## [Task objective]
Print the data below exactly, but only the lines from the one containing "RDX S4 Weightlifting Wrist Straps - Image 6" down to the one containing "Anello mignolo/falange ginny argento", inclusive.

## [Input material]
▼

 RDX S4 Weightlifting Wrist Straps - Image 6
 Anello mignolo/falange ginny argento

▲
▼

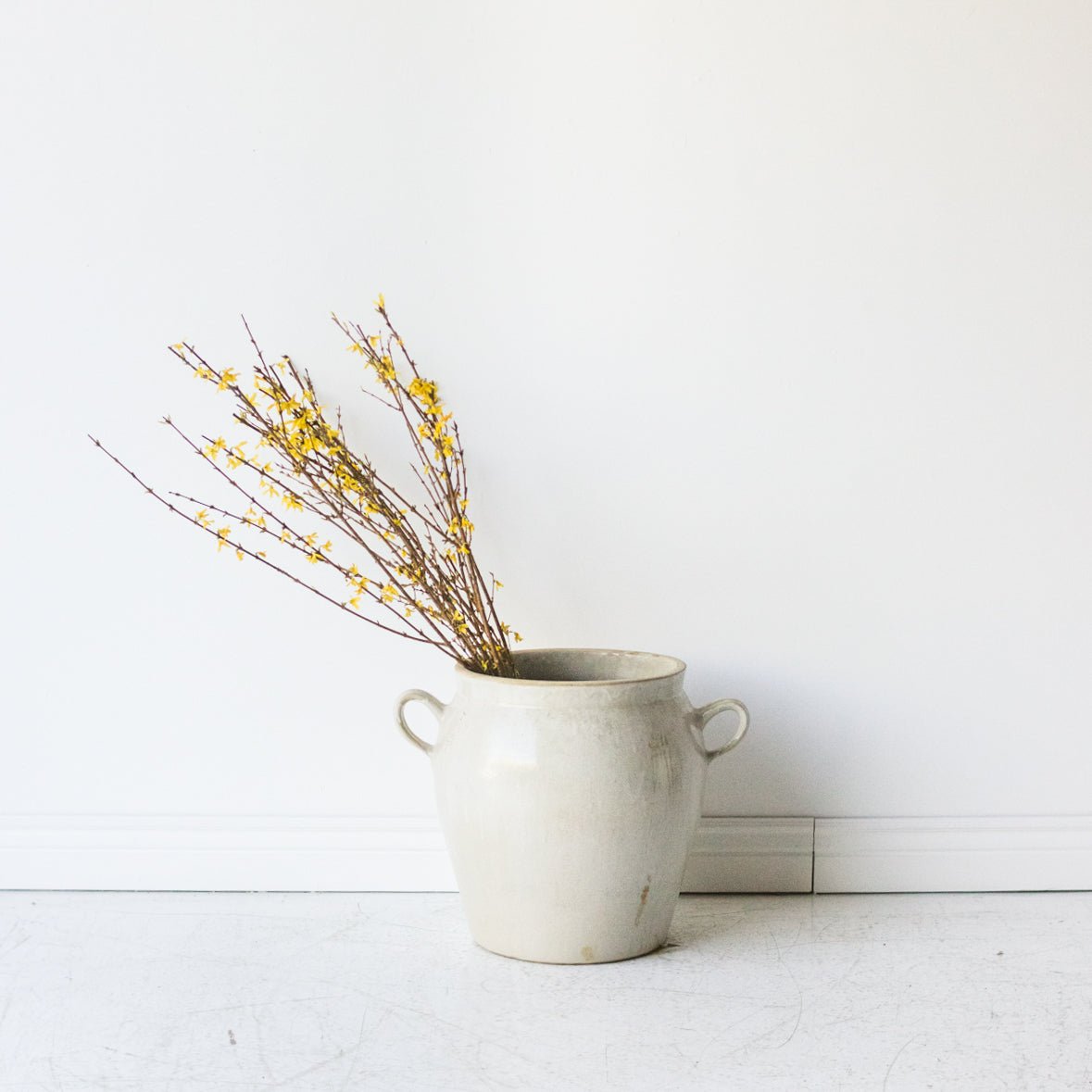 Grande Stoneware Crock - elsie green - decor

▲
▼

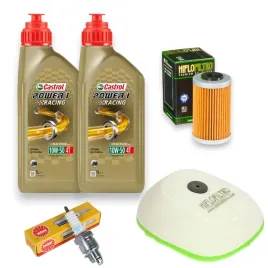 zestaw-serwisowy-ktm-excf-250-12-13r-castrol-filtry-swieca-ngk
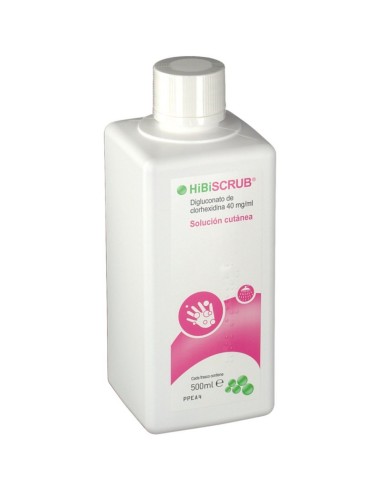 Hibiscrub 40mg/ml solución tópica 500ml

▲

## [Response to this task]
 RDX S4 Weightlifting Wrist Straps - Image 6
 Anello mignolo/falange ginny argento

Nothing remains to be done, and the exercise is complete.